Antiques Peek: May 2019

Antiques Peek: May 2019

It’s In The Bag
by Jessica Kosinski
Today, we take going to the doctor’s office for granted. It is a thing most of us must do whenever we need a checkup or any kind of medical procedure. However, that was not always the case. In fact, there are some rural areas where doctors still come to patients. Historically, a doctor or midwife (who also utilized this type of bag) had to bring supplies to patients’ homes. Supplies were carried in a sturdy bag that was usually made of leather and often, but not always, black. For that reason, it became known simply as a doctor “black bag” or “little black bag.” Although they are rarely used for their intended purposes today, many early doctor bags have survived. They are now coveted by collectors, especially those in medical fields. Let’s take a peek at the history of doctor bags and how important they were, as well as their values today.
The Origins of Doctor Bags
Doctor bags have been in use in some form almost since the origins of doctors. References to medical bags exist in literature as far back as a treatise by Hippocrates. Other cultures, including the Egyptians, also have ancient references to such bags. However, doctor bags as we know them today did not evolve until a few hundred years ago.

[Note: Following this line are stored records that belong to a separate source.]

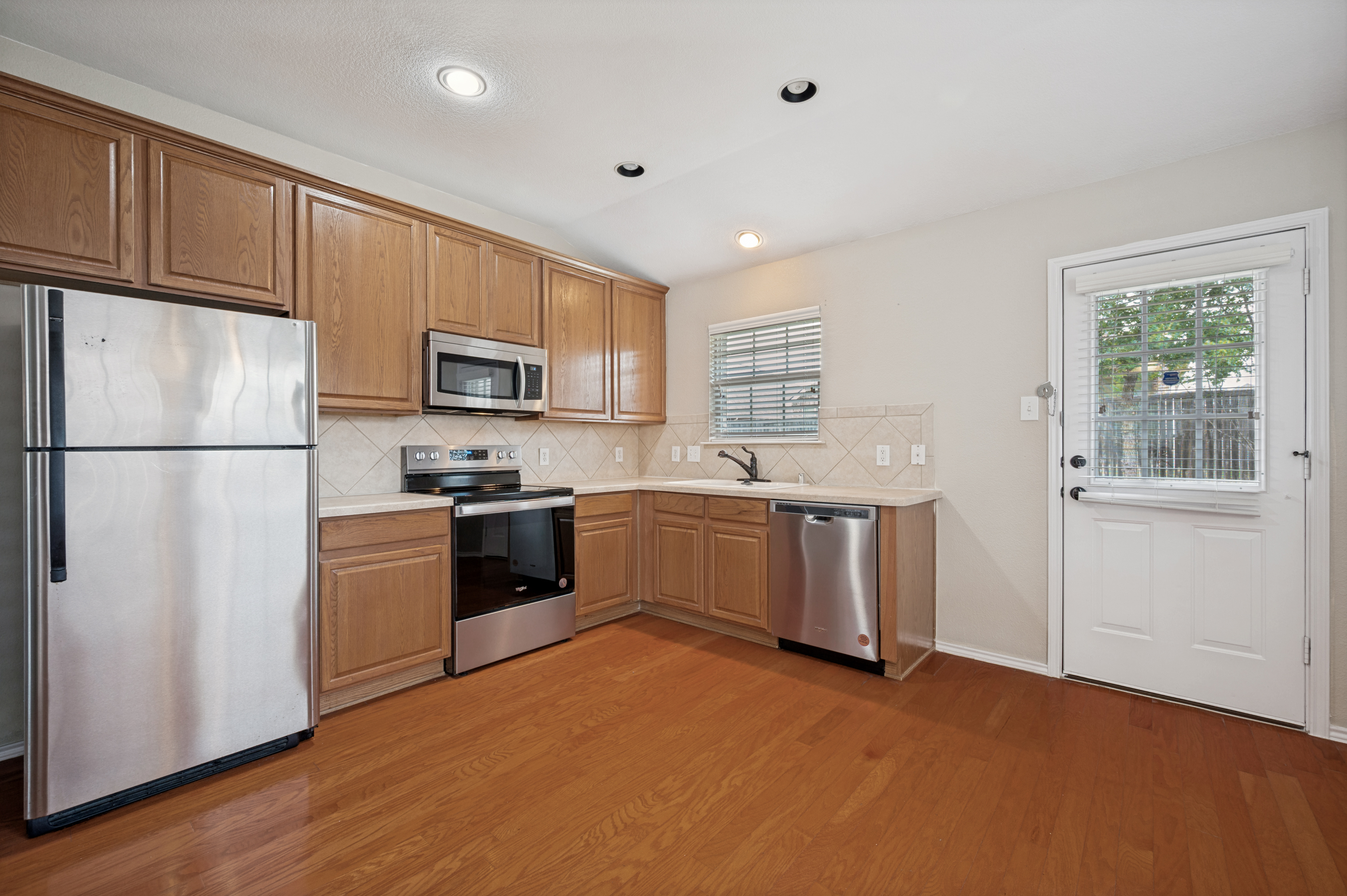  2677 Calmwater Drive, Little Elm, TX - 物件實景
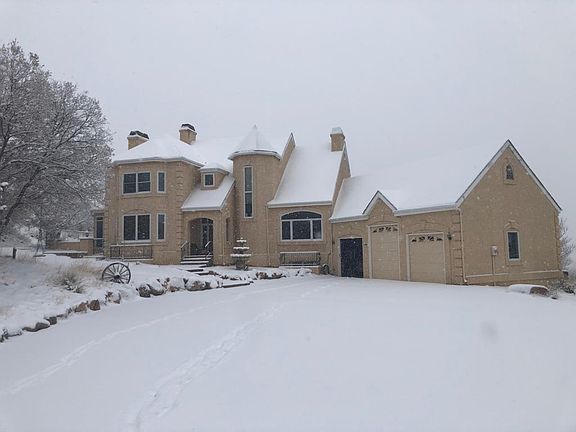 A beautiful front of the house. 3 car extended garage with a RV garage door. Expansive windows around the house to enjoy the views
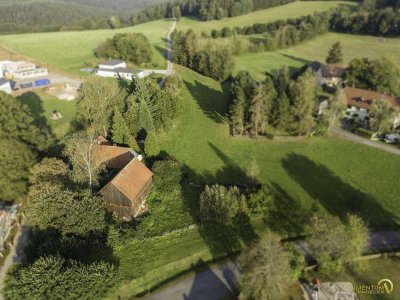 Sanierungsbedürftiges Einfamilienhaus, mit großzügigem Grundstück, zu verkaufen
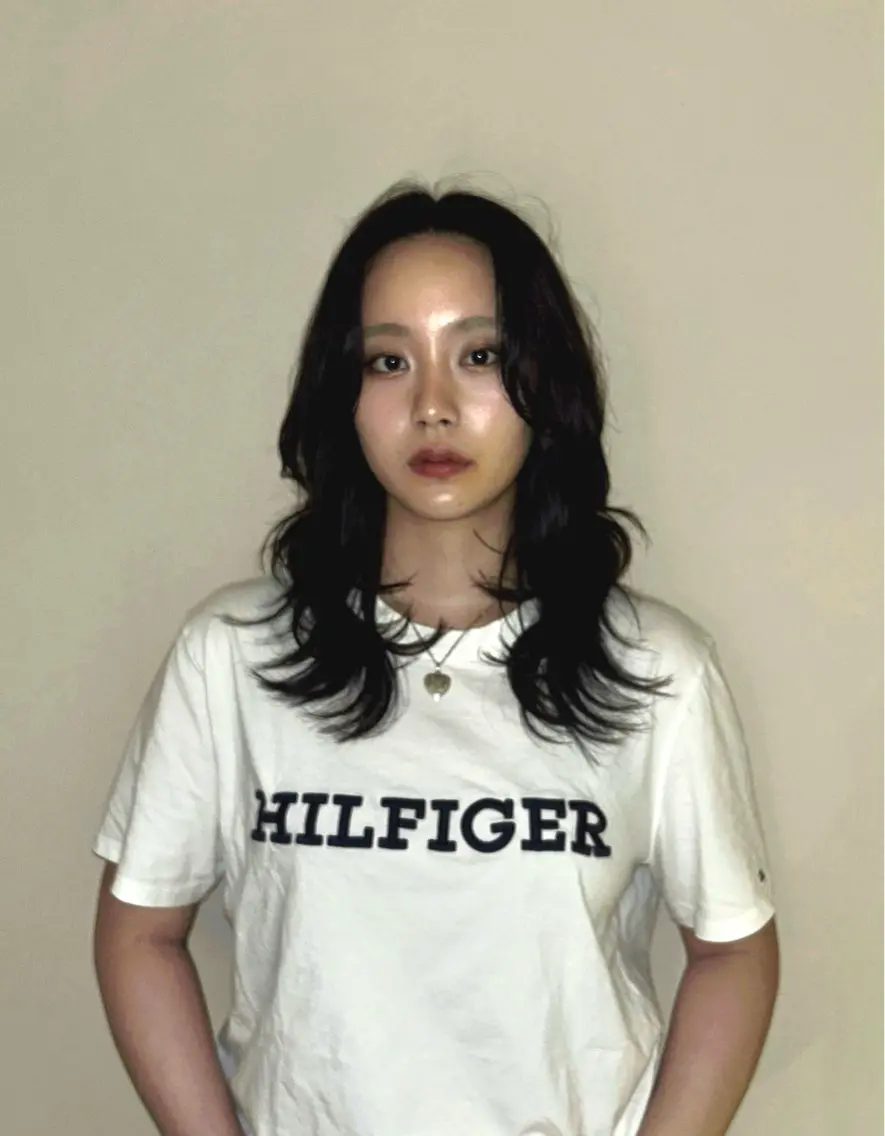 セミロング レイヤーカット 西田 百音のヘアスタイル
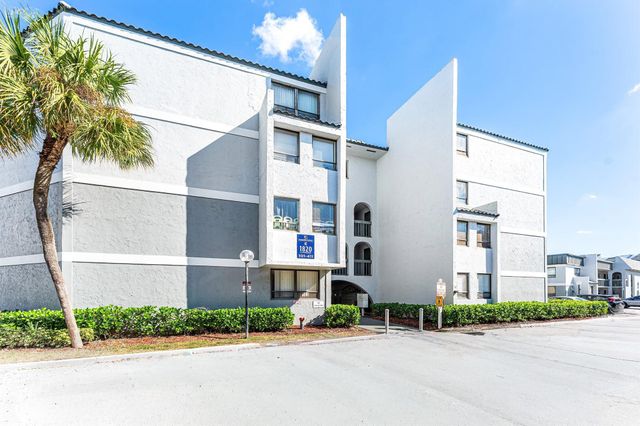 1820 N Congress Avenue 304, West Palm Beach, FL 33401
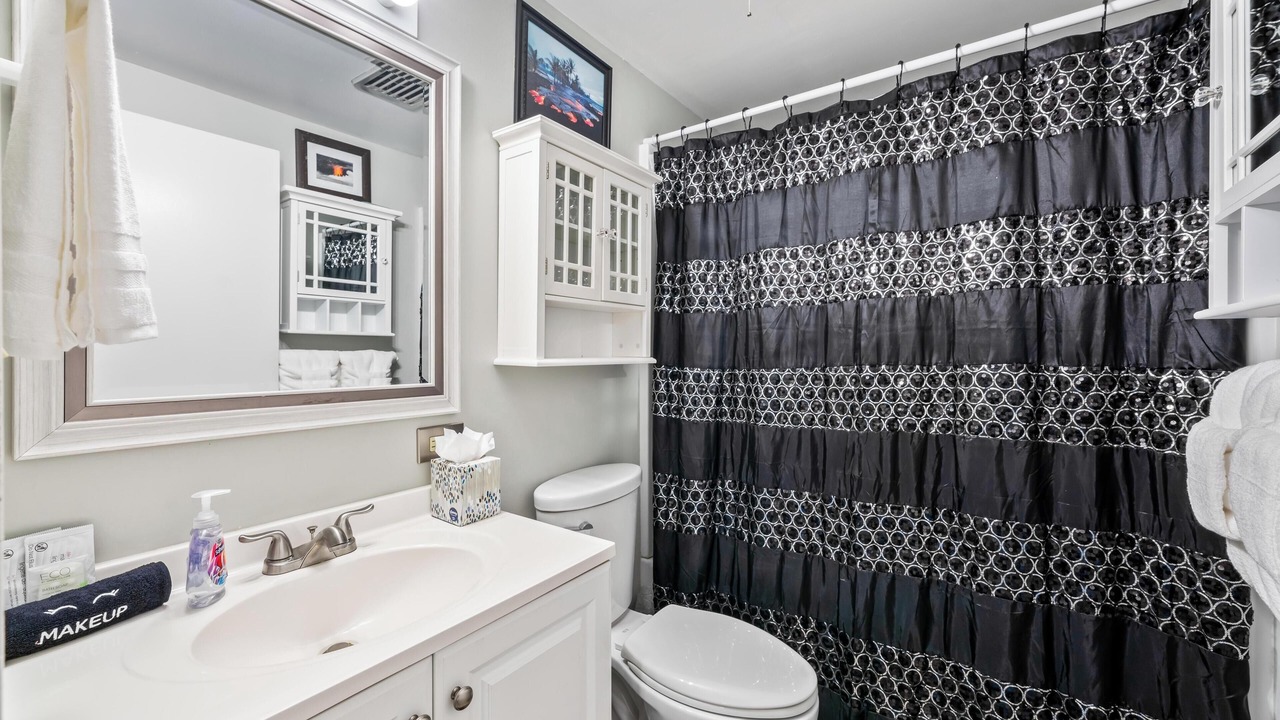 Photo of Bathroom in Historic Kailua Village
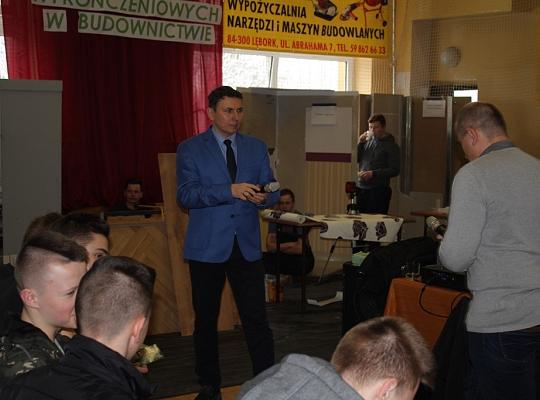 Budujemy, odnawiamy energetykę i promujemy styl wojskowy. Targi  i branding w PCE.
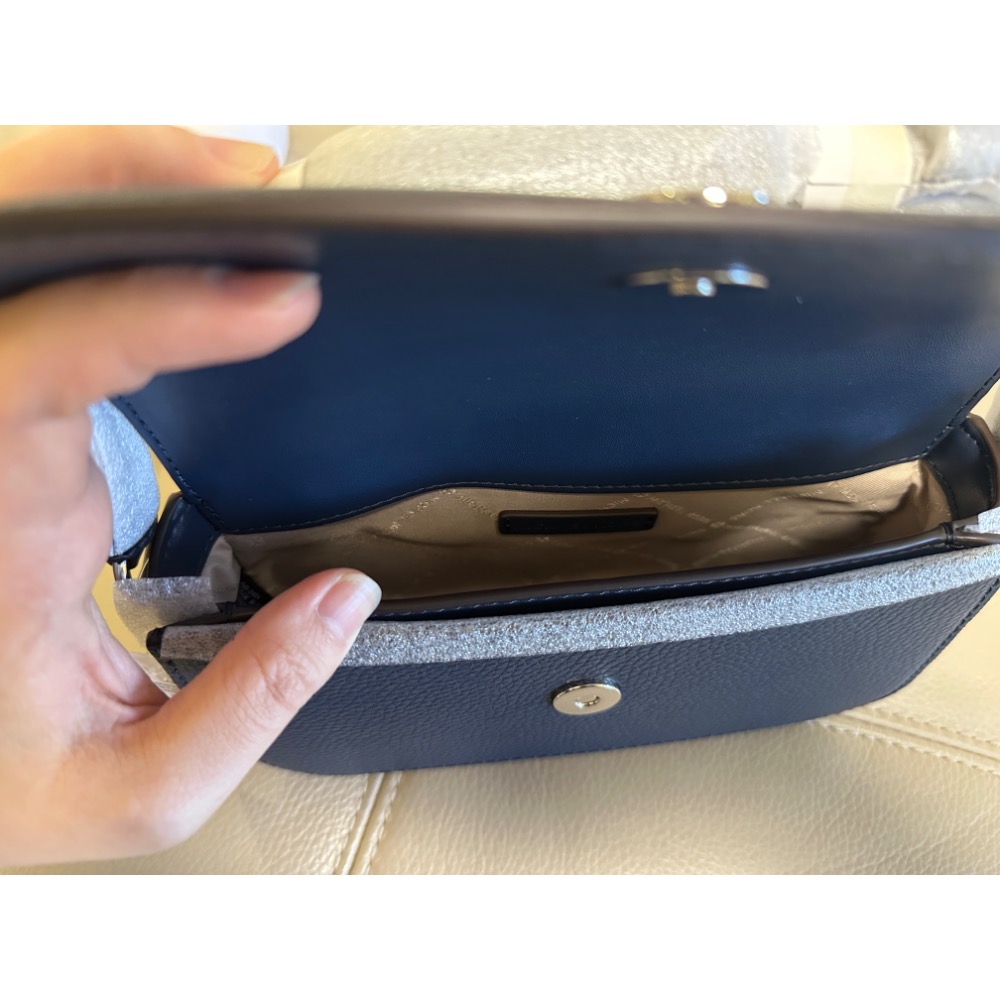 MICHAEL KORS 牛皮斜背包-細節圖2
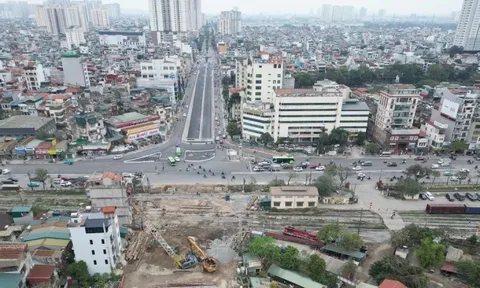 Hầm chui nút giao Giải Phóng - Kim Đồng lỡ hẹn thông xe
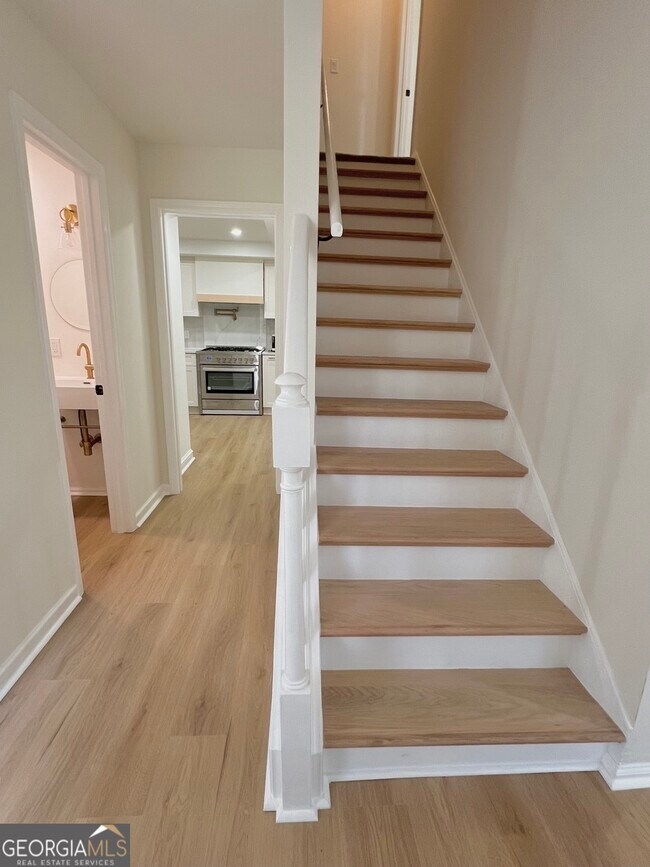 Building Photo - 2907 Clearbrook Dr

Doctors in nineteenth century England often carried bags when visiting patients. In fact, one of the most well-known bags is the Gladstone bag made by a London leather maker named J. G. Beard. The Gladstone design was preferred for nearly 100 years. The doctor bag was also a well-known item in North America in the 1800s and early 1900s. In fact, it was commonly needed as settlers moved across the United States as there were no such things as hospitals on the American frontier. Even when hospitals began to appear in the West, they were few and far between. Settlers relied on country doctors to help them with everything from routine concerns to major medical issues.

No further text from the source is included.